March 29th, 2009 | Category: korea

There’s a chapter in Lessons to Learn called ‘On Arriving’, set in a Korean airport.  It’s full of Christmas music and boy scouts speaking in broken English, two men called Mr Park, an INFROMATION DESK and a young English teacher struggling to take it all in. 

Seven years later, I’m back here.  This time, I’m sharing the trip and the soju with Matt.  This time, I’m flying in from another big city, a home called London.  But the language here is still foreign and the neon lights are as shiny as ever.  We’re staying in Incheon Airport Town: another of those places which springs up from nowhere, another of those places which is surrounded by nothing.  Our hotel room has a spa bath, heated floors, a computer (with a wireless connection) and an ultra-violet ray sterilizer. 

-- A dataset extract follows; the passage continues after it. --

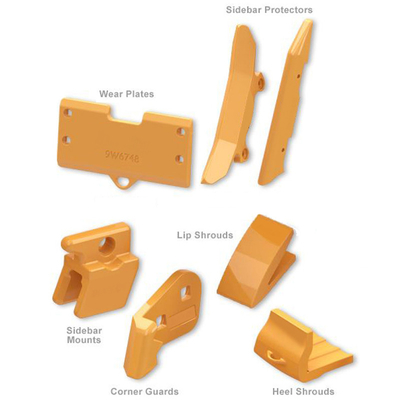 Casting Excavator Bucket Heel Shrouds Corner Wear Shoe For  6040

We wandered a couple of blocks earlier, browsing the choice of restaurants – and were slightly alarmed by the claw machine which appeared to let you win a live lobster.  Eventually we settled on Korean barbeque, where the owners cooked beef and bulgogi on a hotplate at our table.  On the plane, we were served bimibap, along with instructions on how to mix all the various ingredients (rice, hot pepper sauce, mushrooms, cucumber, etc) together.  On our way back to our hotel this evening, we stopped at the convenience store for chocolate snacks and green tea icecream.

While we could probably spend our three days here eating non-stop, tomorrow we’re heading out to explore Seoul.  I’m taking a Bookcrossing copy of Lessons into the city with me.  This is where it started.  It’s strange to be back.